Reflections from my time with the Genomic Data Commons
I have spent the past 13 years at The University of Chicago – most of that time as a faculty of Cancer Research. From December 2013 through January 2017 I spent my days (and a fair number of nights) working with the University of Chicago’s Center for Data Intensive Science. During that time, I had the unique privilege to be integrally involved in what I view as a truly transformational national effort to develop a purpose-built private object storage cloud for the Nations’ cancer genomic data. This is the National Cancer Institute’s Genomic Data Commons, or GDC. The team at the University of Chicago architected and built the GDC starting in 2013, and we launched on June 6, 2016 with none other than Vice President Joe Biden. With forward-looking technology, scale and use cases, we were in a position to make the project a centerpiece of the Cancer Moonshot Initiative. At launch, the GDC became the largest repository of harmonized cancer genomic data on Earth. As I depart the University of Chicago and leave this amazing project standing on firm ground, I find myself reflecting on the larger picture and how much is informs approaches to developing Cloud systems.
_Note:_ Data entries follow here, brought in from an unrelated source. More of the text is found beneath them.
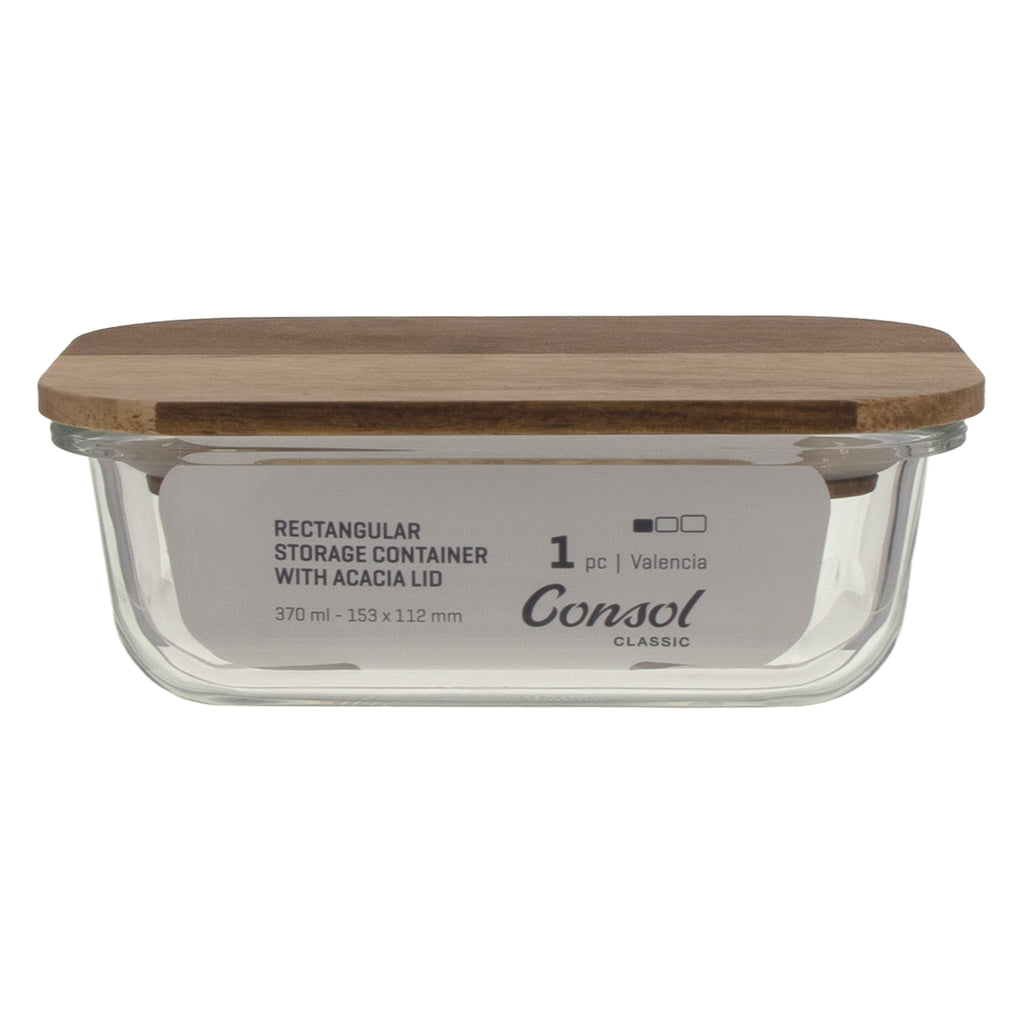 CONSOL VALENCIA RECT. FOOD STORAGE CONTAINER WITH ACACIA LIDS, 370ML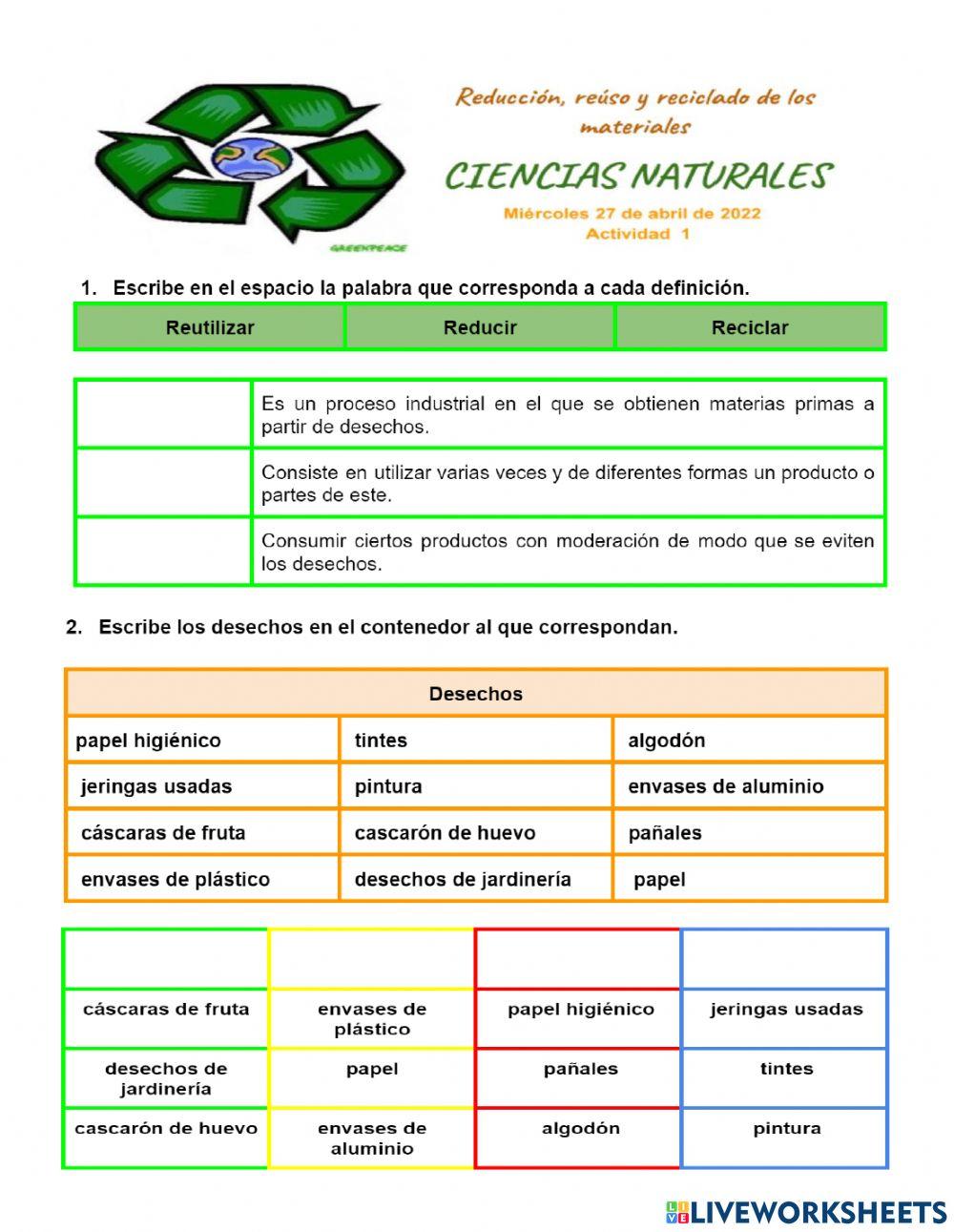 Clasificación de residuos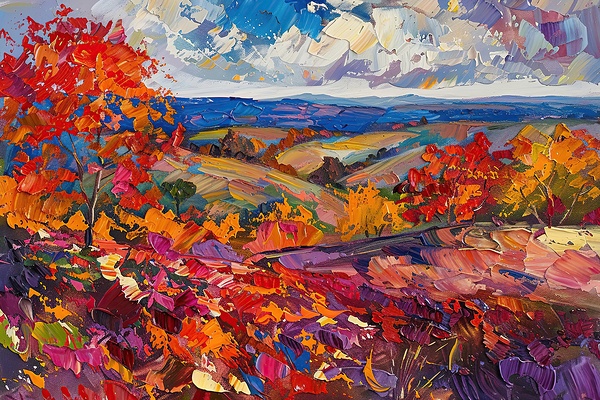 Autumn Vista Over Hills P23K8N 59 Print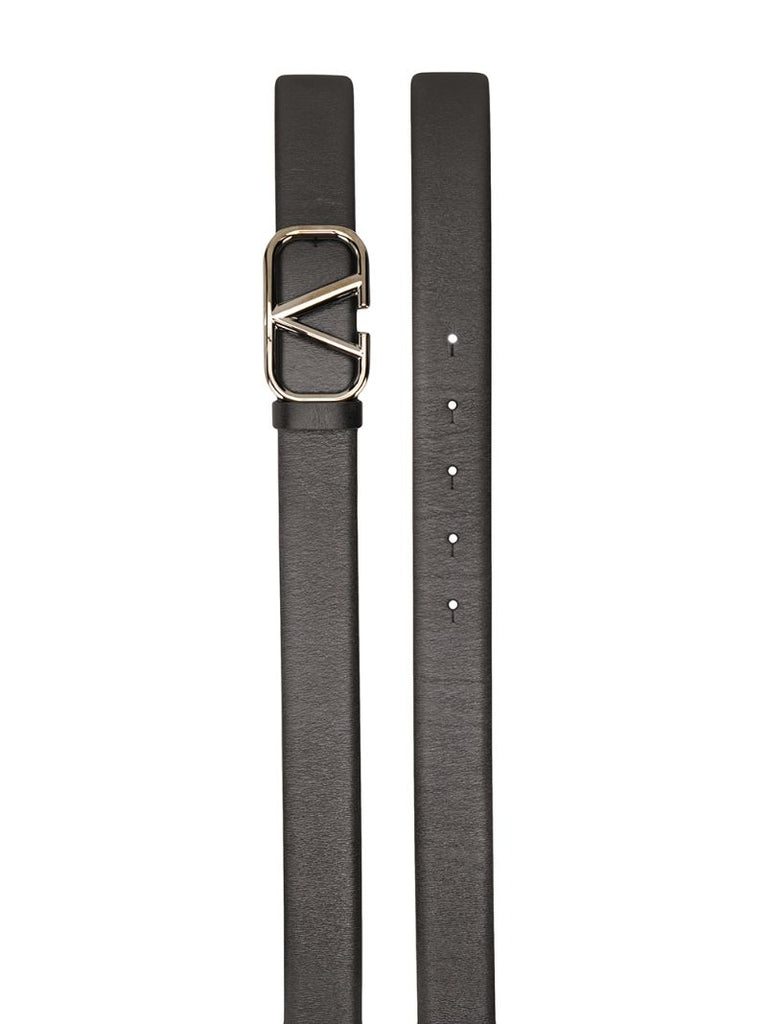 Black Vlogo Signature Leather Belt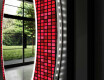 Round Decorative Mirror With LED Lighting For The Bathroom - Red Mosaic #9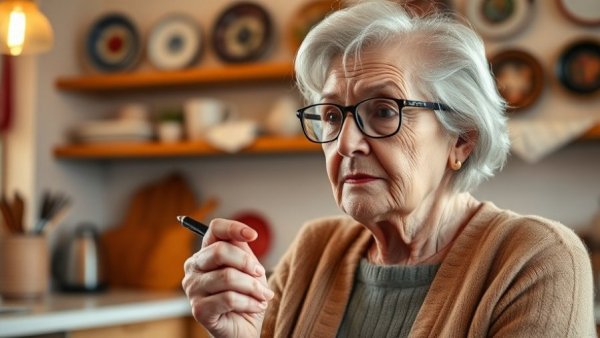 Elderly woman living off Social Security benefits, thoughtful in kitchen.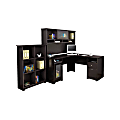 Bush Furniture Cabot L Shaped Desk With Hutch And 6 Cube Bookcase, Espresso Oak, Standard Delivery 1 thumbnail image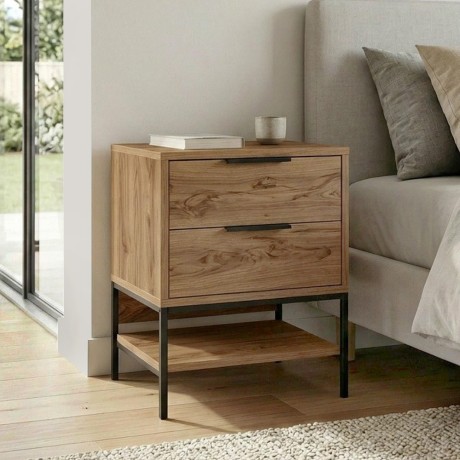 Mars Megapap melamine nightstand in walnut Ud color 45x35x58cm.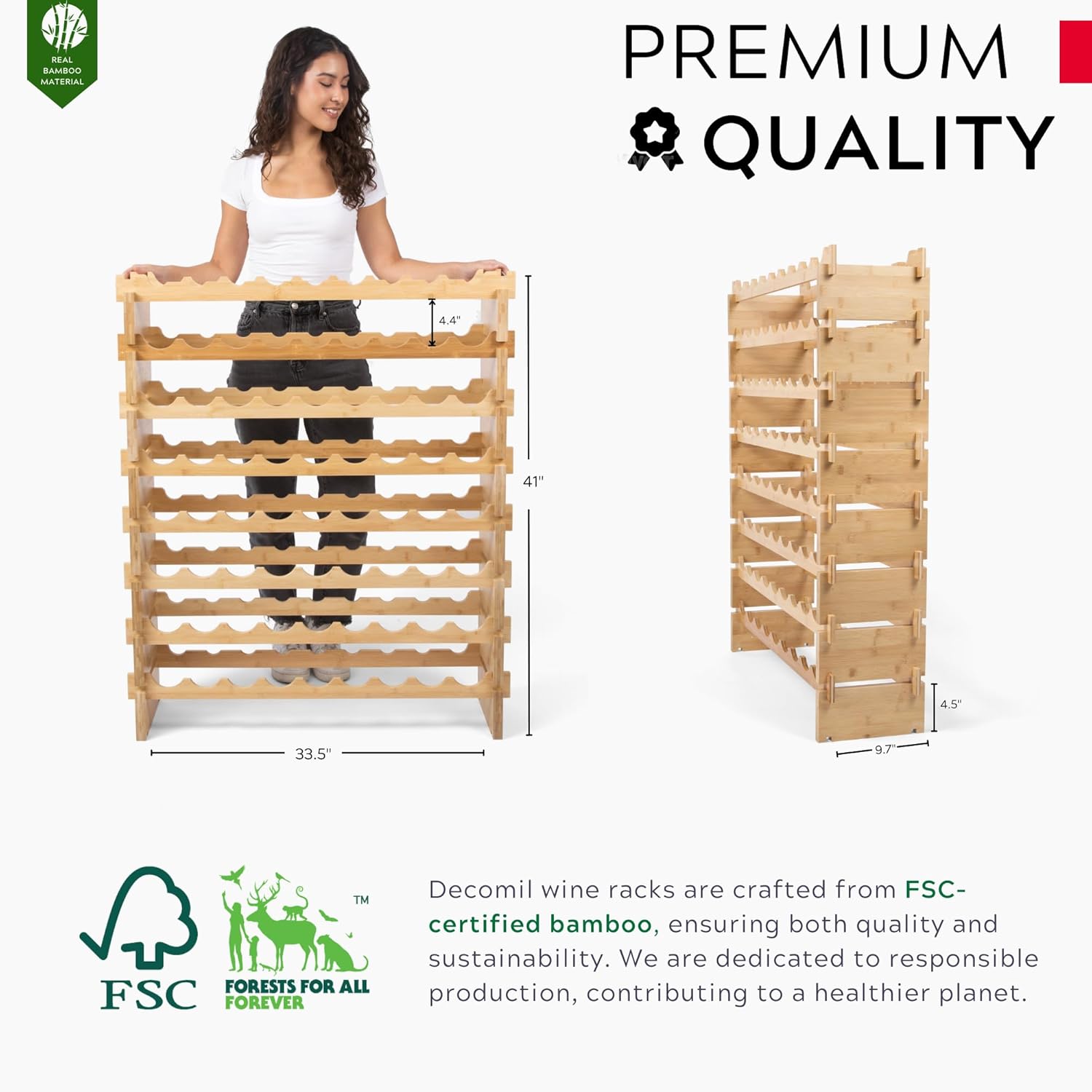 72 Bottle Wine Rack Stackable Modular Bamboo Wine Rack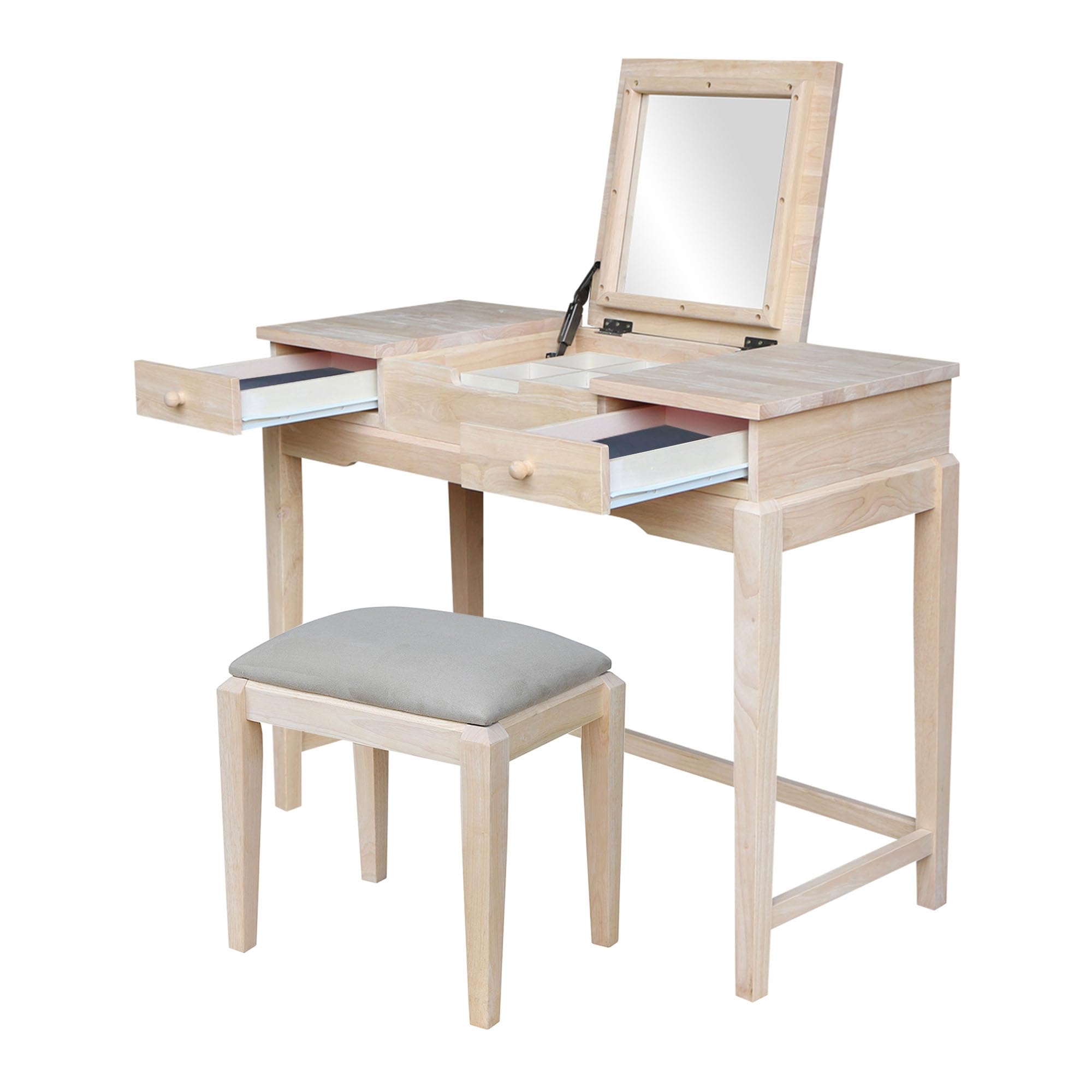 IC International Concepts Unfinished Vanity Table with Bench, 40.2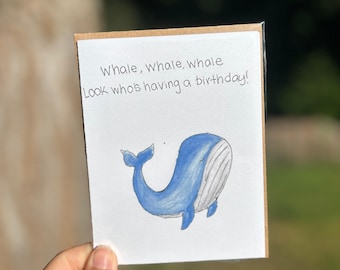 Punny Birthday Card, Watercolor Birthday Card, Blank Inside, Individual Birthday Card, Ocean Life Card, Hand-Painted Art Prints, A2 Size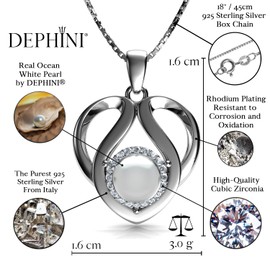DEPHINI Sweet Pearl Necklace, 925 Sterling Silver Heart Necklace, Cubic Zirconia, Women's Jewellery, Gifts for Women, Crystal Pearl, Cubic Zirconia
What is the NCI-Genomic Data Commons?
The GDC houses all legacy and will house all future human cancer genomic data and associated clinical and biospecimen metadata from a large array of NCI-funded studies. The initial tranche of over five petabytes of data from roughly fifteen thousand patients contains detailed genomic data that provides a detailed window in to the genetic drivers of cancer. All this data was cleaned, processed, standardized and indexed on ingest to provide researchers in America and around the world with the highest quality pre-computed genomic information in an advanced searchable system. Some fifteen million core-hours of compute when in to this process, effectively removing this computation burden for tens of thousands of researchers and vastly expanding the effective pool of researchers able to work with this data. As the GDC grows in the future, the power of this data set will only increase, and democratizing access will inevitably accelerate the pace of discovery leading to new and better cures.
What does Cloud enable?
With the GDC we had the chance to ask the question: What does cloud enable? This is a question that many organizations increasingly need to ask and think through carefully. Making data available across and organization in a transparent, searchable and accessible fashion opens up potential for transformational discovery and new insight. Well-developed index and meta-data services and a flexible and powerful API set the stage for application of data sets far beyond the limited initial scope for which those data were collected. Scalable object storage and flexibility to deploy on-prem or to commercial cloud present new opportunities in terms of the speed to deploy and almost limitless potential to scale. With such parameters, cloud is not just another environment. Rather, it is a chance to rethink approaches and discard old paradigms. It is a chance to develop systems that allow your organization to move faster, to think and act smarter, and accelerate self-awareness.
Rethink with Cloud
Many of the lessons of the GDC apply much more generally. At a basic level, the GDC is about three things: 1) Opening up siloed data and applying compute to standardize in to a data lake. 2) Democratizing access with searchable indexed metadata and a well designed API 3) Combining these to accelerate discovery – in the case of the GDC to speed research in the short term and transform healthcare in the long term. Many groups I have spoken to over the years, be they corporate, government, or institutional, have pools of siloed data. The challenge is to rethink what they can do with Cloud:
• To create new data lakes fed by rivers of data that are cleaned, standardized and indexed on ingest.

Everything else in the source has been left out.